**WHAT YOU SHOULD DO:** Would you please repeat all of the data exactly, omitting the pictures?

**COLLECTED MATERIAL:**
_ _ _ _ _
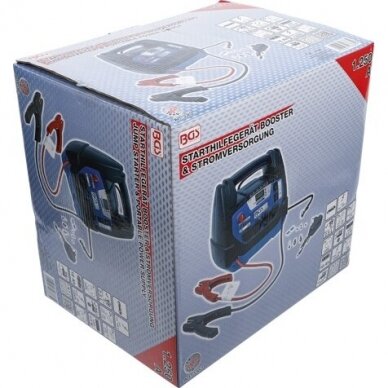 Paleidėjas pakrovėjas BGS-Technic, 12 V, 18 Ah 8 Paleidėjas pakrovėjas BGS-Technic, 12 V, 18 Ah 8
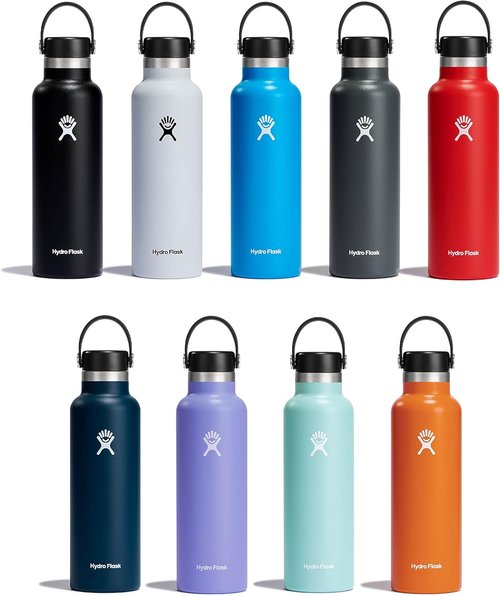 Hydro Flask Water Bottle - Insulated Stainless Steel - Leakproof & Non-Spill | 21 Oz Stone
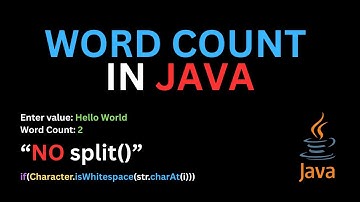 Java Word Count Program (Without Split Method) | Count Words Using Logic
_ _ _ _ _
**EXERCISE OUTPUT:**
 Paleidėjas pakrovėjas BGS-Technic, 12 V, 18 Ah 8 Paleidėjas pakrovėjas BGS-Technic, 12 V, 18 Ah 8
 Hydro Flask Water Bottle - Insulated Stainless Steel - Leakproof & Non-Spill | 21 Oz Stone
 Java Word Count Program (Without Split Method) | Count Words Using Logic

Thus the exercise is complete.